◆ **About this task**
Please copy the records below word for word, leaving out the pictures.
::::
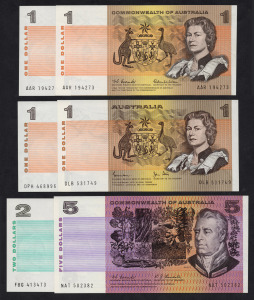 A selection of Unc banknotes, comprising of R.71 (2, consecutive), R.78 (2), R.81 (1), and R.202 (1). (Total: 6 notes).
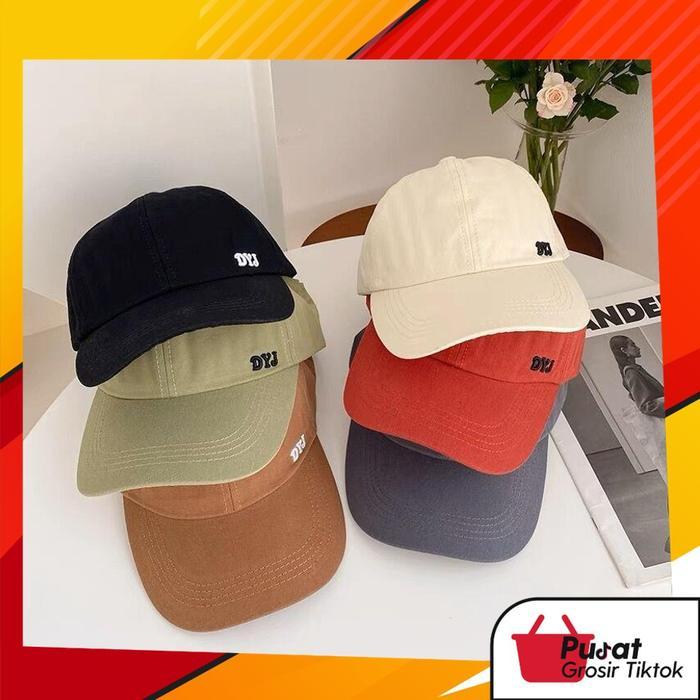 BISA COD T6690 Topi Wanita Ala Korea / Topi Olahraga Wanita / Simple Baseball Cap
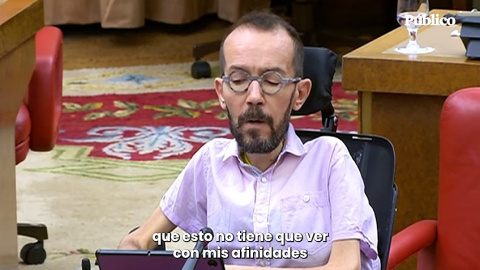 El discurso de despedida de Pablo Echenique: "Estoy orgulloso de haber dicho verdades que otros no se atreven a decir" El discurso de despedida de Pablo Echenique: "Estoy orgulloso de haber dicho verdades que otros no se atreven a decir"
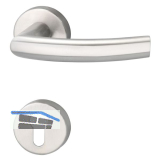 MARCHESI Dr�ckergarnitur RIGA - auf Rosette PZ, 38 - 45, Edelstahl matt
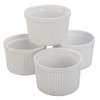 BIA Cordon Bleu Classic 8-Ounce Ramekin, Set of 4, White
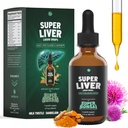 SuperBonsai Super Liver Support with Milk Thistle - All Natural Liver Cleanse Detox " Repair Aid - Doctor-Formulated Liver Supplement - Liquid Herbal Supplements for Liver Health - 1 Month Supply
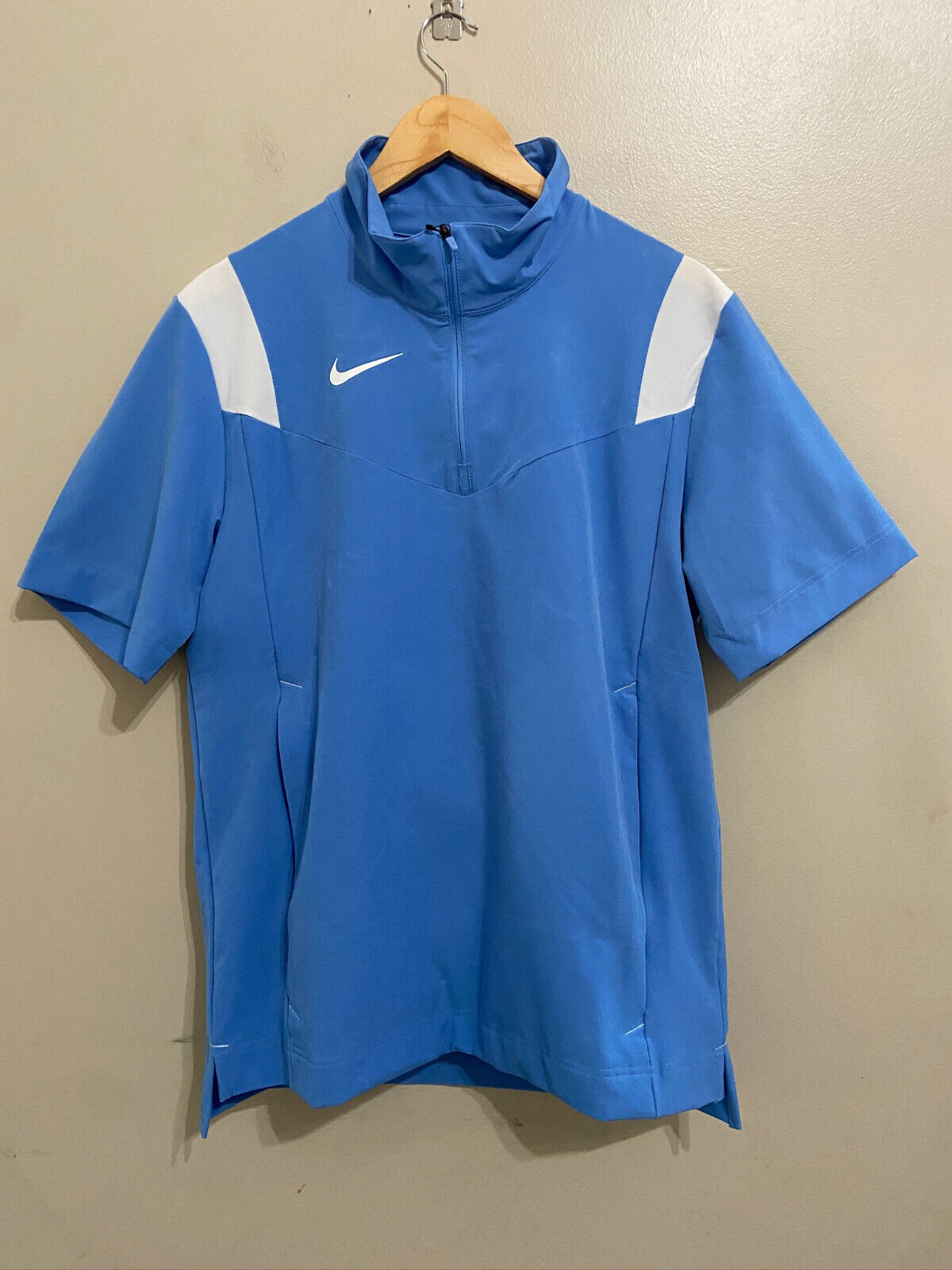 Nike Football Coach Performance Sideline Jacket Carolina Blue M DJ5113-448 NEW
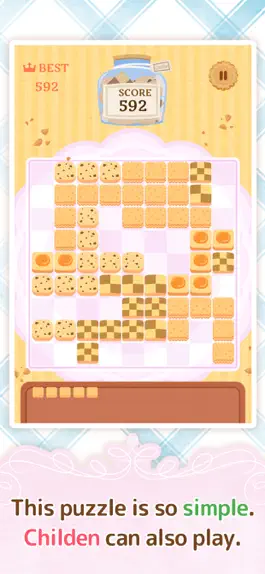 Game screenshot Cookie puzzle. -Cute & enjoy!- hack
::::
◆ **Written solution**
 A selection of Unc banknotes, comprising of R.71 (2, consecutive), R.78 (2), R.81 (1), and R.202 (1). (Total: 6 notes).
 BISA COD T6690 Topi Wanita Ala Korea / Topi Olahraga Wanita / Simple Baseball Cap
 El discurso de despedida de Pablo Echenique: "Estoy orgulloso de haber dicho verdades que otros no se atreven a decir" El discurso de despedida de Pablo Echenique: "Estoy orgulloso de haber dicho verdades que otros no se atreven a decir"
 MARCHESI Dr�ckergarnitur RIGA - auf Rosette PZ, 38 - 45, Edelstahl matt
 BIA Cordon Bleu Classic 8-Ounce Ramekin, Set of 4, White
 SuperBonsai Super Liver Support with Milk Thistle - All Natural Liver Cleanse Detox " Repair Aid - Doctor-Formulated Liver Supplement - Liquid Herbal Supplements for Liver Health - 1 Month Supply
 Nike Football Coach Performance Sideline Jacket Carolina Blue M DJ5113-448 NEW
 Game screenshot Cookie puzzle. -Cute & enjoy!- hack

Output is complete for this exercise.